Search code examples
arrayspostgresqldatabase-designjsonbpostgresql-performance

Most efficient way to query data nested deep in JSON arrays?


Currently I'm writing queries against a JSONB table with 8 million+ rows. How can I query from the parent and the friends objects in the most efficient manner possible?

Query (Postgres 9.6):

select distinct id, data->>'_id' jsonID, data->>'email' email, friends->>'name' friend_name, parent->>'name' parent
from temp t
CROSS JOIN jsonb_array_elements(t.data->'friends') friends
CROSS JOIN jsonb_array_elements(friends->'parent') parent
where friends ->> 'name' = 'Chan Franco'
and parent->>'name' = 'Hannah Golden'

Example DDL (with data): https://pastebin.com/byN7uyKx


Solution

  • Your regularly structured data would be cleaner, smaller and faster as normalized relational design.

    That said, to make the setup you have much faster (if not as fast as a normalized design with matching indexes), add a GIN index on the expression data->'friends':

     CREATE INDEX tbl_data_friends_gin_idx ON tbl USING gin ((data->'friends'));
    

    Then add a matching WHERE clause to our query with the contains operator @>:

    
    SELECT DISTINCT  -- why DISTINCT ?
           id, data->>'_id' AS json_id, data->>'email' AS email
         , friends->>'name' AS friend_name, parent->>'name' AS parent
    FROM   tbl t
    CROSS  JOIN jsonb_array_elements(t.data->'friends') friends
    CROSS  JOIN jsonb_array_elements(friends->'parent') parent
    WHERE  t.data->'friends' @> '[{"name": "Chan Franco", "parent": [{"name": "Hannah Golden"}]}]'
    AND    friends->>'name' = 'Chan Franco'
    AND    parent ->>'name' = 'Hannah Golden';
    

    db<>fiddle here

    The huge difference: With the help of the index, Postgres can now identify matching rows before unnesting each an every nested "friends" array in the whole table.
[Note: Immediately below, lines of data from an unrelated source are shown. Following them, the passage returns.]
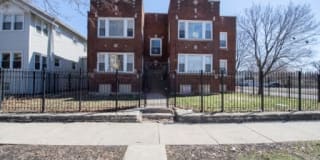 701 N Lotus Ave 701 N Lotus Ave Photo Gallery 1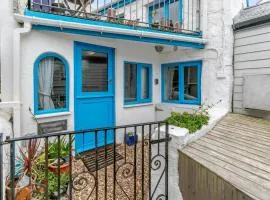1 Bed in Porthleven oc-smuggl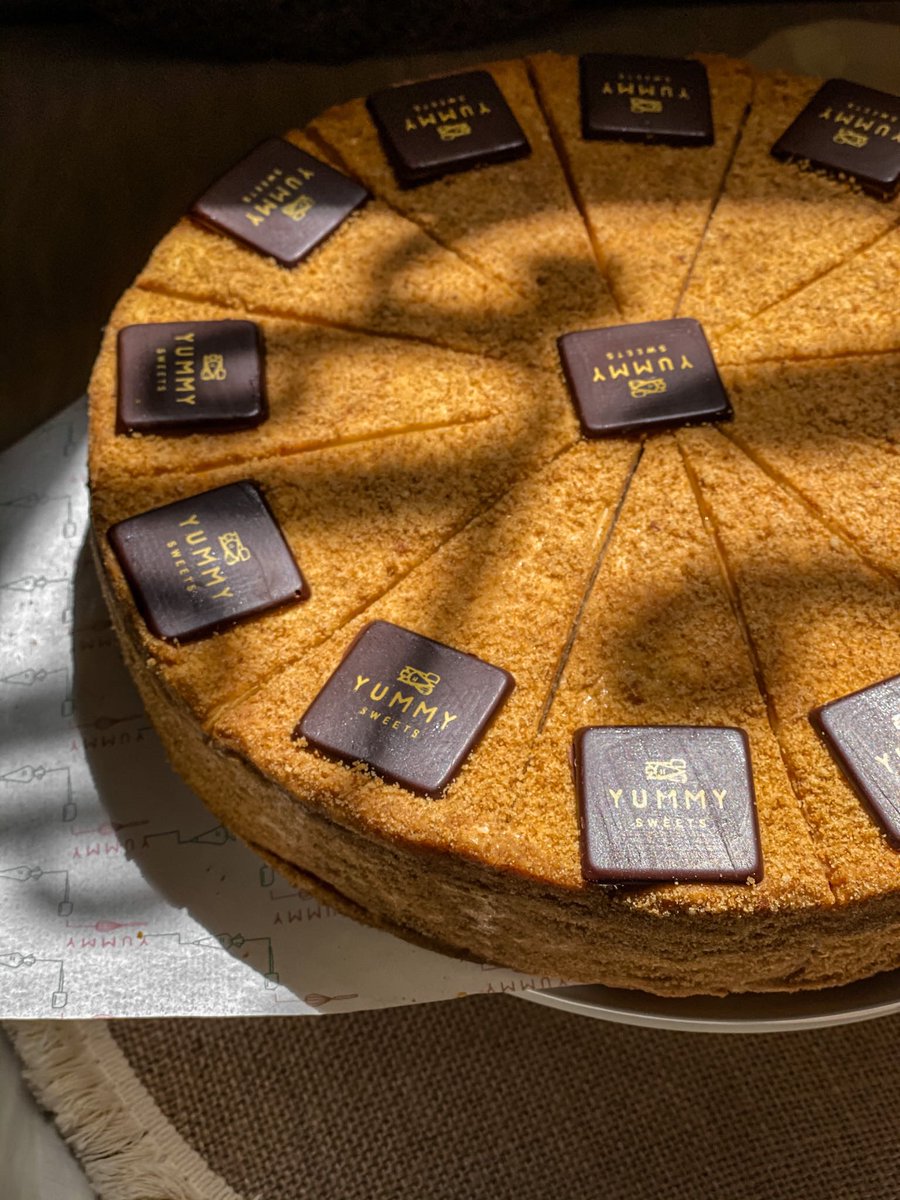 m_1riyadh's tweet photo. بعطيكم المختصر  اذا تبي وحده من الذ كيكات العسل اللي بتذوقها🍰🍯اطلبها واتساب 0551373802 وهذا حساب الانستقرام yummy_sweets11@😍😋♥️خفيفه ولذيذة حجم واحد تكفي الى٢٤شخص كيكة فخمه انيقة وتواجه♥️👍🏻
🛑وفوقها مقدمه لكم٣كيكات السحب بيكون من الرتويت او اللايك وتابع حسابي
تابعوا الثريد⬇️ https://t.co/w5BkZ5I830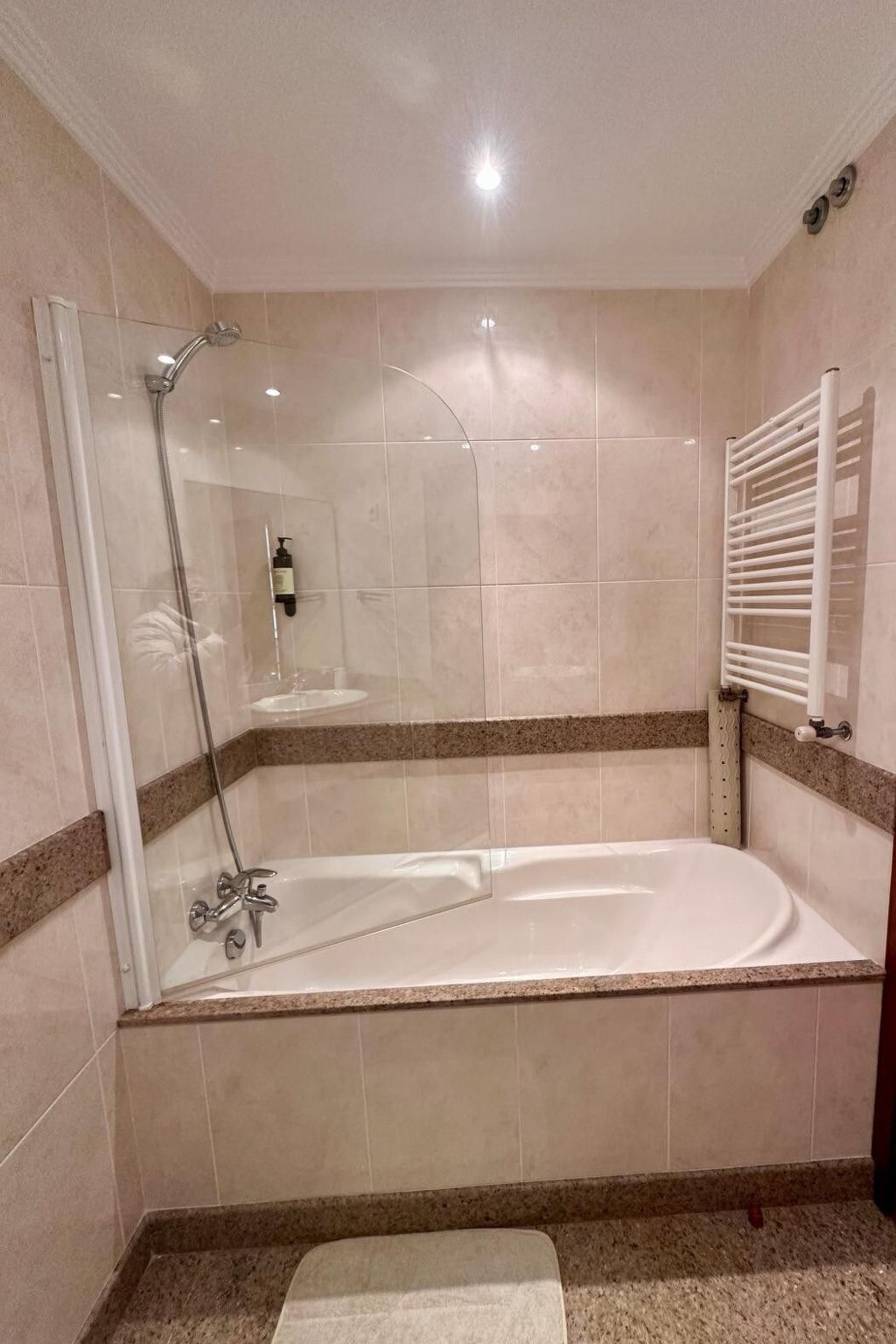 First Line Strandpromenade-Drinnen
Only after having identified matching rows in the underlying table, jsonb_array_elements() is called and resulting rows with qualifying array elements are kept.

    Note that the search expression has to be valid JSON, matching the structure of the JSON array data->'friends' - including the outer brackets []. But omit all key/value pairs that are not supposed to serve as filter.

    Related:

    I avoided the table name temp as this is an SQL key word, that might lead to confusing errors. Using the name tbl instead.